As the Burundi peace talks come to climax here, some members of the minority groups from the tiny East African nation have emerged, demanding an audience.
Speaking on behalf of ‘Baswahili group,’ the Kiswahili speakers in Bujumbura, Mr Mugunwe Anzoweeni, demanded the inclusion of the marginalised group, which he said has been sidelined from the talks that envisage a mutual agreement by June, this year.
“We were snubbed even in the original Arusha Peace Accord, which singled out only the Tutsi and Hutu groups as if these are the only tribes in Burundi... we have other smaller tribes as well as people of Asian origin,” he said.

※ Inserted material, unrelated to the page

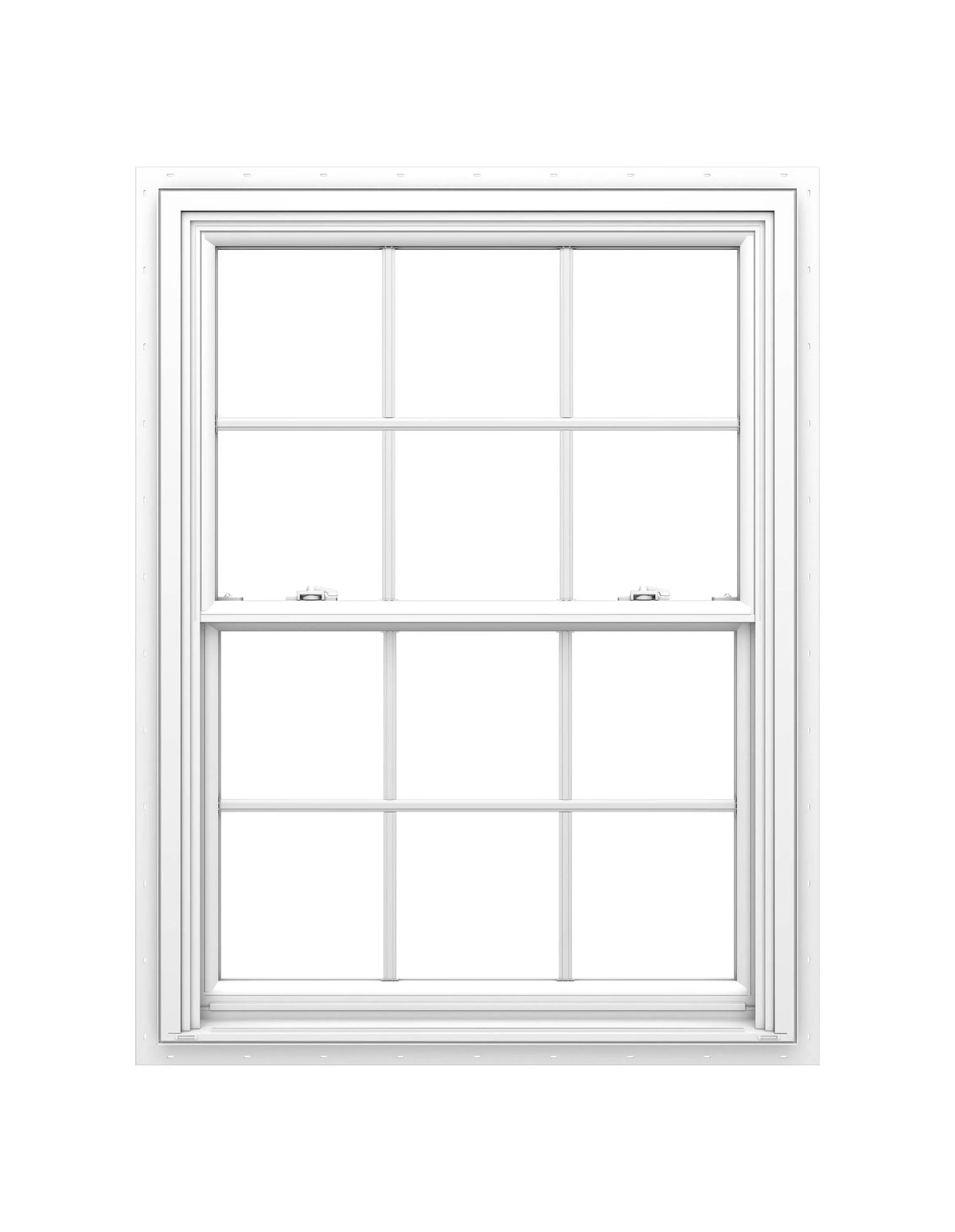 Pella 150 Series New Construction 47-1/2-in x 35-1/2-in White Vinyl Low‑E Argon Double-Hung Window with Grids, Full Screen Included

Last week, the police arrested three suspected Burundians here over their alleged attempts to thwart the ongoing Burundi peace talks under former President Benjamin Mkapa’s mediation.

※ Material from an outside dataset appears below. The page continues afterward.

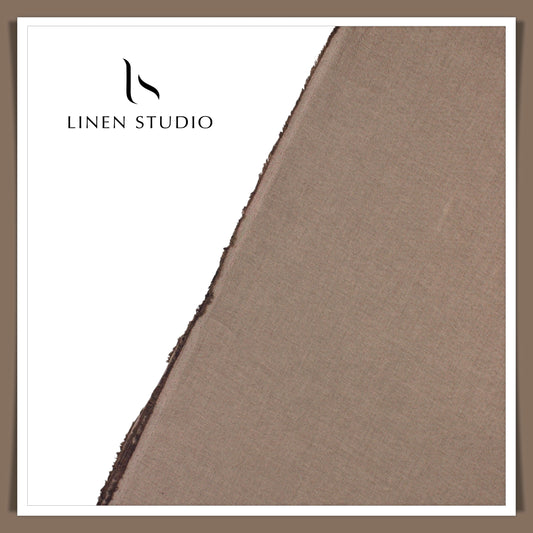 Cotton Blended Shirting by British Micros - Textured Light Brown (50% SALE)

Mr Mkapa in his capacity as the facilitator of the talks at the Arusha International Conference Centre is still convening the dialogue following consultations with other stakeholders within and outside the country.
Initially, eight-point agenda was identified, with parties adopting them as the key sticking points way back in September 2016.

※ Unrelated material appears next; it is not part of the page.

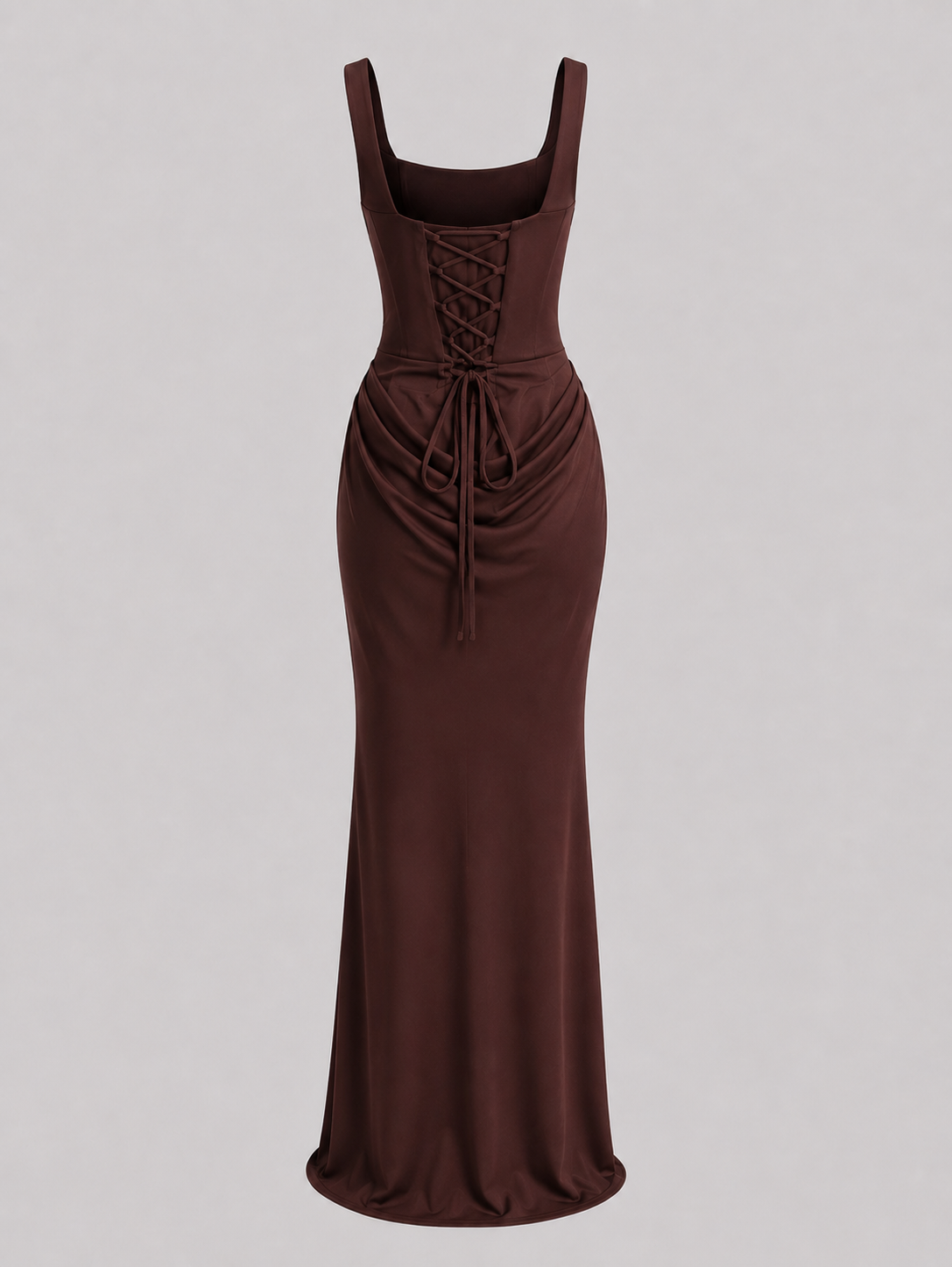 Ivory & Laurel Women's Sylvie Chocolate Corset Maxi Dress - back view style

The eight-point agenda, then formed the thrust of the dialogue and subsequent negotiations, including security and commitment to end all forms of violence, commitment to the rule of law and to end impunity.
Mr Mkapa, the talk facilitator, had invited some of the political parties as well as important political actors to convene in the eight-point agenda to determine areas, which can bring lasting ‘peace’ in the country.
He said stakeholders like the civil society organisations, religious groups as well as women and youth will be invited to later sessions.
The facilitator said inputs from participants will draw up an outline of the would-be agreement to be gradually refined until it’s fully agreed by all stakeholders and signed as the final agreement in June, 2017.